If you’re using a serger to finish off seams, the basting stitch won’t be staying in your garment and will be finished off with a stronger thread finish later. Use older thread for basting if you don’t want to throw it away.

4. Tacking stitches

Small tacking stitches that keep facings and pieces in place usually aren’t pulled at or manipulated frequently so weaker thread won’t pose a threat too much to hold the facing down. Depending on the situation, you may want to add some extra tacks on the garment if using weaker thread to tack.

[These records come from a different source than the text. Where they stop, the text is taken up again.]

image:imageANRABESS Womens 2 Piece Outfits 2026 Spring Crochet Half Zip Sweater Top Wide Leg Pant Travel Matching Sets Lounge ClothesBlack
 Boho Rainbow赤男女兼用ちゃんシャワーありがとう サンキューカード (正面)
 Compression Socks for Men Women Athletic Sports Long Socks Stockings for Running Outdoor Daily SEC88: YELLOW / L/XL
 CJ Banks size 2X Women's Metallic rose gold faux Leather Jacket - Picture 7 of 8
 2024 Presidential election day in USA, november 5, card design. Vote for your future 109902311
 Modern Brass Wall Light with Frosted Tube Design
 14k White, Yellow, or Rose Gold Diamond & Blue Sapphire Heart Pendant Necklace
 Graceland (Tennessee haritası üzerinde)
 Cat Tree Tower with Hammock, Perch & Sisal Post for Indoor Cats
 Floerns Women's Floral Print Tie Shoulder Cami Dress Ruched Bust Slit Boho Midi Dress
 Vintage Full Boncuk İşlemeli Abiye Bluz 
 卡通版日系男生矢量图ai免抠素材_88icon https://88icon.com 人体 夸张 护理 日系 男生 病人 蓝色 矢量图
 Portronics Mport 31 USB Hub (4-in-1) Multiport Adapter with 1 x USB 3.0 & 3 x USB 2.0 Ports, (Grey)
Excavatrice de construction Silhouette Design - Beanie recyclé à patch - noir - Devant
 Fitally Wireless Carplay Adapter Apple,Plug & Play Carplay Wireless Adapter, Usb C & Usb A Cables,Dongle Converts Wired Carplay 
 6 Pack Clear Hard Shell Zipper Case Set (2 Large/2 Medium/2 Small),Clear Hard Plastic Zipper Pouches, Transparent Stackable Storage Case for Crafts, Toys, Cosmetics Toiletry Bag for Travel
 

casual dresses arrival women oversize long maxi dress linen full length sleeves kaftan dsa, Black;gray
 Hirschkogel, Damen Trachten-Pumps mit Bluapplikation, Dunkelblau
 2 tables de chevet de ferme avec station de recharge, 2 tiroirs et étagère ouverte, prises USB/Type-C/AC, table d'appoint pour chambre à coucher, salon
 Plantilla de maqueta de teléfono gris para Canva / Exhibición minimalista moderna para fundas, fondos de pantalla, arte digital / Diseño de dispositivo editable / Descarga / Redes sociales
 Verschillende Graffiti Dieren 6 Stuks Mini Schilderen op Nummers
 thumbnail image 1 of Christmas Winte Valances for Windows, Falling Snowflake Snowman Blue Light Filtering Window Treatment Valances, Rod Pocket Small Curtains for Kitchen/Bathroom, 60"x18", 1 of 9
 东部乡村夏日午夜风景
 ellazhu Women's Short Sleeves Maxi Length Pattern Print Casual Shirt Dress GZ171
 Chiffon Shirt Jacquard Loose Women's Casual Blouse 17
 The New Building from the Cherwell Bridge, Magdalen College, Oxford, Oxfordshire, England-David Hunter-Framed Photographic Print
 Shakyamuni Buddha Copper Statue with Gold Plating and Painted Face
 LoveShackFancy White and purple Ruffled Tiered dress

So thread does have a shelf life! I’ve provided some resources below if you want more information but according to one blog, the general shelf life of thread is about 15-20 years. With today’s thread do you think that could possibly be longer? Let me know in the comments section!

Other Resources

2 thoughts on “Snap! The Shelf Life of Thread

  1. I also inherited a box of threads with my grandma’s sewing machine! Hues of pink, purple and greens. I haven’t used it for the same reasons as you, except on very rare occasions, but it feels like a little piece of her – her favorite colors, maybe? She died when I was 6, way before I developed interest in sewing. When starting out with sewing and trying to figure everything out on my own I so often wished I could ask her for advice and help. I went on to become a certified dressmaker but I still wish I could ask her. I’m sure she knew it all❣

    Liked by 1 person

  2. I just read this blog and it is an interesting note on the life of thread. I just bought some 6000yd spools of A&E Perma Core poly wrapped poly thread from a liquidation auction. It was a manufacturing business that made retail work clothing and accessories. I just did the break test on one spool of the Perma Core compared to a brand new Innovatech poly wrapped poly and the Auctioned thread nearly cut my fingers and wouldn’t break. The brand new thread snapped rather quickly. I think I did okay on the 30 spools I bought, considering I only spent what 3 of the other brand would have cost from the dealer.These spools were new in the plastic and not exposed to dust and light.
    As to the tips on using Grandma’s thread from who knows how many years ago,IMO, if it snaps easily it’s really not worth saving it for simple things like basting, topstitching, tacking unless it is readily handy. When I am working on a project, I want to keep moving with what is already threaded in the machine, or what is right there for any hand sewn finishing.
    That said, I did save the wooden spools of silk thread from my mothers sewing cabinet. They do sit on my shelf in the sewing room above my desk as a reminder of the days my mother and aunts were learning to sew. I think she kept them for the same reason. I don’t even want to try the stretch test with them. I just dust them off and admire them from time to time.
    Thanks for the great tips. I will check the links. In my older days, I am learning smooch of the fiber world, that I blew off and a young girl.